The Timpson Review of School Exclusion

On 7 May 2019, the long awaited Timpson Review of School Exclusion was published and the Government Responds. It made 30 recommendations with a view to improving the consistency and appropriate use of exclusion and to ensure that the school system provides the best conditions for every child to thrive and progress.

This government inquiry into school exclusions in England was commissioned to look into how head teachers use exclusion in practice and why some groups of pupils are more likely to be excluded.
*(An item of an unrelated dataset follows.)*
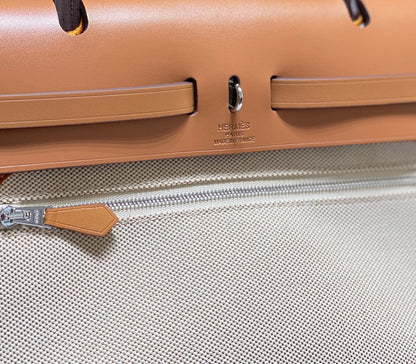 Herbag 31 Toile Blanc Toile Cuir de vachette doré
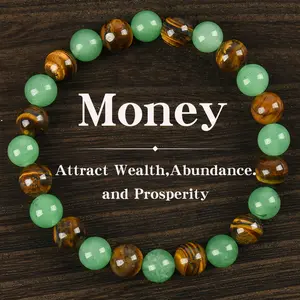 Money Attraction Bracelet with Green Aventurine & Tiger Eye -    blue friendship bracelet beaded  jewelry protection bracelet encouragement gift fashion artificial bracelet Beaded Crystal Bracelet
It has taken over a year to complete and obtained nearly 1,000 responses to its call for evidence.

The inquiry showed that outcomes for excluded children are worse; they achieve fewer good passes in English and maths GCSEs and a third of pupils who are put in alternative provision after being excluded at Key Stage 4, don’t progress to further education, employment or training.

The inquiry found that certain groups are more likely to be excluded including:

  • Pupils with poor mental health
  • Pupils with Special Educational Needs (SEN)
  • Pupils from Black Caribbean and Mixed White and Black Caribbean backgrounds

When children have several of these characteristics, their risk of exclusion is increased even further.

The inquiry also highlighted concerning evidence about off-rolling and the inappropriate use of isolation booths as a form of behavioural management.

In off-rolling, children are made to leave school without being formally excluded, for example, where schools put pressure on families to home educate their child. These children will not have access to the safeguards of the normal exclusions process including the trigger to provide education after 6 days. This is unlawful.

In isolation booths, children will spend time on their own, or in small groups, away from their normal classes. If poorly used, these booths can take a child away from their education

The inquiry made 30 recommendations including:

  • Better statutory guidance on when exclusion can be used and better guidance on related areas such as behaviour management
  • Making schools responsible for the children they excluded and their educational outcomes
  • More training and support for school staff to encourage positive behaviour cultures in school
  • Consultation on how to ensure children with multiple exclusions have access to education
  • Accessible information for parents and carers of children who have been, or are at risk of exclusion
  • Increasing the transparency of why children move out of schools and where they go

Government response

The Government has already responded to the inquiry and has committed to make schools accountable for the outcome of permanently excluded children and in autumn 2019, will be consulting on how to make these reforms. The Government is already consulting on the introduction of a register of all pupils not in specified education, with a view to tackling the issue of off-rolling.

They have also committed to bring forward fresh guidance on exclusion, mental health and behaviour in schools and behaviour and discipline in school, which will include clarification on the use of isolation booths, by summer 2020.

Our thoughts

We’ve previously highlighted a legal challenge to the use of isolation booths and the impact they had on the young person. As things stand, the guidance on the use of isolation booths is limited and ambiguous. It allows for significant variation in their use and potentially allows schools to use them as an alternative to following formal fixed term exclusion processes.

Whilst we welcome the outcome of the inquiry and the Government’s response, we have concerns about the length of time it will take to implement these steps. In particular, we are concerned that clarifying guidance on the use of isolation booths is not expected for over a year.